The first thematic section focuses on describing the urban environment of medieval Vienna and introducing the main political events that took place in the observed period. Chapter 2 presents the primary sources that are available, providing the foundation for the entire volume, while the following chapter lays out the political configuration of the medieval city along with the social groups that formed part of it. Chapter 4 includes a detailed account of the architectural design: the importance of symbols and certain sacral buildings, while chapter 5 is an analysis of the property market: describing how it acted as an institutional framework, which then was very much interlinked with the social framework of the city. This first section closes with a collection of maps: detailing how the city was portrayed and viewed at the time.
The second section focuses on the privileges, rights and freedoms that Vienna as a city and its citizens fought for and established. Chapter 7 describes the emergence of a legal framework that evolved from the different rights of the city of Vienna as a whole, but additionally also the privileges of certain social groups within the city walls. The following chapter introduces the economic, social and political elite of the town and their constant struggle over influence and rights with the Austrian territorial lords over the 400 years covered by the book. This part also includes an introduction of the institutional and political conditions within which the community of the urban elite was organized and carried out their everyday life. The last chapter in this section is an analysis of the waterways of medieval Vienna: their economic importance is presented based on both archaeological and documentary sources. The chapter also offers plenty of illustrations and a deep geographical insight.

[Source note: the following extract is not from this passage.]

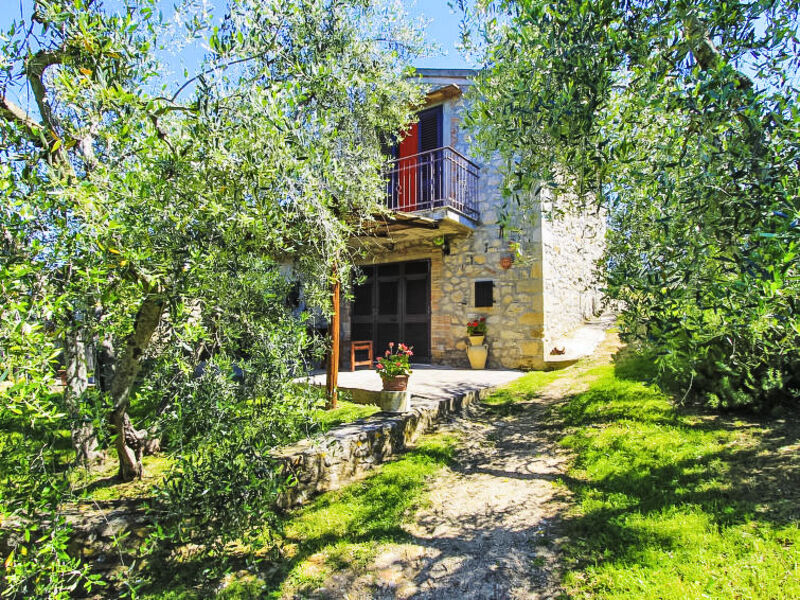 Montecalvo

The third thematic section is dedicated to examining further social groups, minorities and intellectuals. Chapter 10 reflects on the division that exists in urban space as well as the ties that can connect or heal these divisions, such as kinship, property or spiritual belonging. Chapter 11 shines a spotlight on the Jewish community and describes their existence as a key political factor, while chapters 12 and 13 shift the focus of this section towards the intellectual and scholarly groups of the town. The section closes with chapter 14 casting the social net wide and attempting to portray the everyday life of the ordinary people in medieval Vienna.

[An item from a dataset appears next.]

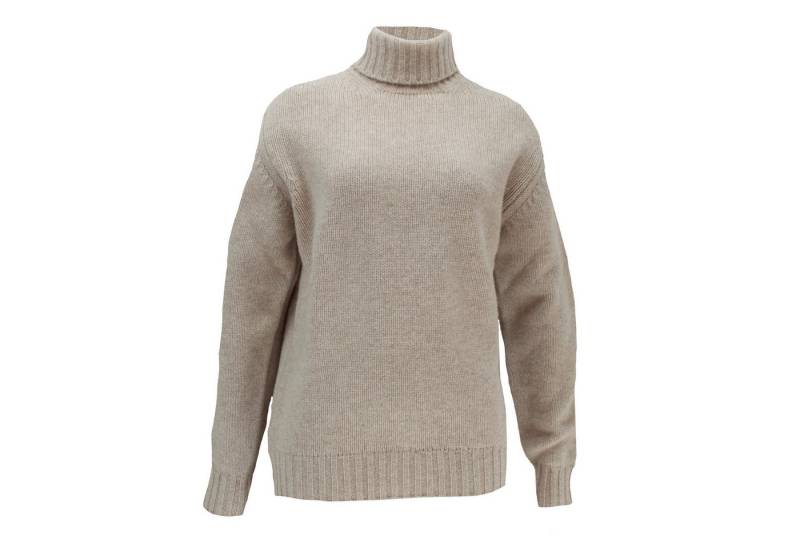 William Lockie Rollkragenpullover Herren Rollkragenpullover PD Alain Roll FR LW von William Lockie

The final theme of this volume embraces medieval urban culture. Five chapters are dedicated to subjects that still form an integral part of and very much define urban life in Vienna today. Chapter 15 introduces the works of the university with the example of Greek studies. Chapter 16 describes the importance of a symbolic group of tradesmen: goldsmiths. The relevance of their activities in art as well as in trade again draws a parallel between medieval and twenty-first-century Vienna. Chapter 17 explores the urban spaces and forms of art, especially rituals that took place there, while chapter 18 narrows the focus onto performative art. Chapter 19 is dedicated to music and introduces the foundations from which Vienna evolved into the world capital of music during the following centuries.
This volume is constructed as a well-oiled machine, where the reader first gets to see the big moving parts of a political system, legislative framework and their participants. This macro view is then narrowed, where micro cultures – tradesmen, scholars and artists – are all introduced in order to see how an ordinary day in medieval Vienna might have looked. The additional aid of a top-down analysis of the social structure really paves the way for the reader towards a complete understanding of the medieval urban environment. The most significant value of this publication, however, is the collection of primary and secondary sources it references. Similarly to the recent publication of Peter Csendes and Ferdinand Opll, Wien im Mittelalter. Zeitzeugnisse und Analysen (Vienna and Cologne, 2021), this book is a showcase of the abundance of material that is available for historians in the various Viennese archives. Whilst the Csendes and Opll work takes a new approach on the chronological events, A Companion to Medieval Vienna focuses upon multiple thematic aspects of medieval urban life.